TO DO »
The required output is the exact run of lines below that opens at the line with "美丽客栈岁月长青菱格夹棉丝绒" and closes at the line with "Fashion One-piece Baby".

DATA FOR THIS EXERCISE »
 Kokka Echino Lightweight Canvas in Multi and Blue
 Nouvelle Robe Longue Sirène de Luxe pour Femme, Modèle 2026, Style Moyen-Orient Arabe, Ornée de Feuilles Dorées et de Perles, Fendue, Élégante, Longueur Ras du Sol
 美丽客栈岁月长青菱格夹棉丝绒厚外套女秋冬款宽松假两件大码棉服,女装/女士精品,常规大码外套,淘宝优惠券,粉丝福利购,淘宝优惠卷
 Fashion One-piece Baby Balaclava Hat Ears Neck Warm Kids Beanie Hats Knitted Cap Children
---
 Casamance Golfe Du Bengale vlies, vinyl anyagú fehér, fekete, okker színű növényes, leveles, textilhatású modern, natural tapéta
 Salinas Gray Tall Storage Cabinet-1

EXERCISE OUTPUT »
 美丽客栈岁月长青菱格夹棉丝绒厚外套女秋冬款宽松假两件大码棉服,女装/女士精品,常规大码外套,淘宝优惠券,粉丝福利购,淘宝优惠卷
 Fashion One-piece Baby Balaclava Hat Ears Neck Warm Kids Beanie Hats Knitted Cap Children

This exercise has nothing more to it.